For owner-operators of multi-generational, family-owned construction firms, remaining at the helm indefinitely is not a realistic option. An exit strategy is imperative to prepare for the continued success of the company before handing the reins to someone else—no matter how qualified or promising that person may be.
Thoughtfully consider these key factors for a successful retirement strategy and exit plan:
- options to sell (or gift) the company either to the next generation or to key employees;
- possible sale to an outside buyer who has the financial strength and expertise to profitably run the business;
- retention of key employees who are not family members;
- a “legacy” for the future of the company and its employees; and
- the criteria required by the surety company, protecting the construction firm’s bonding capacity.
An employee stock ownership plan (ESOP) is often a viable solution that addresses these concerns (and others) during the complex process of transitioning construction firm ownership.
ESOP as an Attractive Exit Option
The “typical” options for company owners preparing to exit, such as sale to a third party or sale to a private equity, are frequently not a good fit for construction companies. Historically, construction companies have not been great take-over candidates for a strategic sale. This is due to several factors, including:
- cultural mismatch between the buying and selling firms;
- lack of recurring cash flows, resulting in low multiples;
- lack of new contracts to assure the retention of key employees and critical clients post-acquisition;
- a low barrier to entry for a construction company seeking to enter a new location; and
- the exiting owner’s fear that an acquiring company will tarnish the hard-won legacy of the newly sold firm.
Private equity firms also face significant challenges when buying construction companies. Notwithstanding the above concerns, they may face an additional lack of management expertise in running a construction company and the inability to project a clear return on investment.
Advantages of an ESOP
An ESOP utilizes the resources of the company’s balance sheet to fund either a partial or full buyout from the exiting shareholder(s). It is initiated when a trust is formed to hold stock for the benefit of employees. An owner may gain the desired liquidity from a “ready market” (the ESOP) that, through certain financing alternatives, can back its purchase of stock. Furthermore, the legacy of the firm can stay with the people who have created it.
An ESOP also provides a structure allowing for an owner to step back based on a controlled timeframe, should the owners desire to sell less than 100% of the business. This, therefore, means that instead of divesting right away, a proprietor can continue as part of the operation and assure that the company continues to operate with current, trusted personnel and protocol.
Plus, an ESOP provides significant tax breaks to the company, resulting in increased cash flows. As a sanctioned retirement plan, an ESOP is technically a tax-free trust. For S corporations, the pre-tax income of the company, attributed to the shares owned by the trust, serves as non-taxable income. At its maximum benefit, an ESOP trust that owns 100% of the company stock pays no federal income taxes.
For those companies wherein the ESOP does not hold 100% of the stock of the S corporation, there is a tax benefit related to ESOP leverage instead. With an ESOP in place, both principal and interest debt payments (related to an ESOP loan) are tax deductible.

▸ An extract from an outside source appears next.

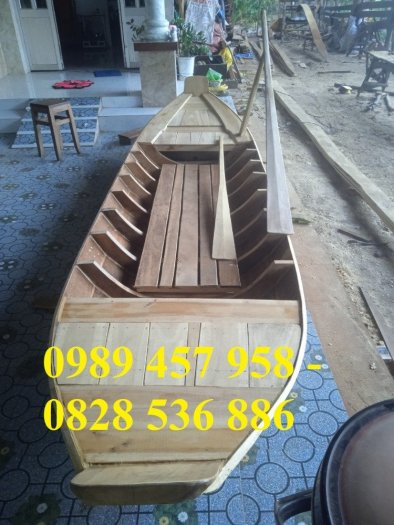 Mẫu xuồng gỗ 3 lá, Thuyền gỗ trang trí 2m, 3m, 3m59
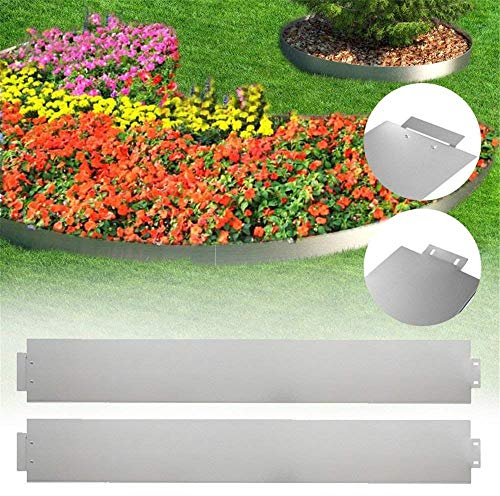 Aufun Bordatura da Giardino in metallo, 5 m x 15 cm, per prati e aiuole, 5 pezzi, 100 cm x 15 cm (lunghezza x altezza), Bordo Giardin Flessibile, Prato in Acciaio galvanizzato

A controlling shareholder of a construction firm has worked a lifetime to build a company that is often the most significant asset in his or her investment portfolio. Traditional exit strategies are, generally, not the best fit due to the owner’s desire to leave a positive legacy and a desire to reward loyal employees with a secure future. Plus, owners may lack a qualified buyer with the desire and/or financial means to acquire the company.
The construction industry’s intertwined culture of pride and longevity creates an ideal environment for employee ownership.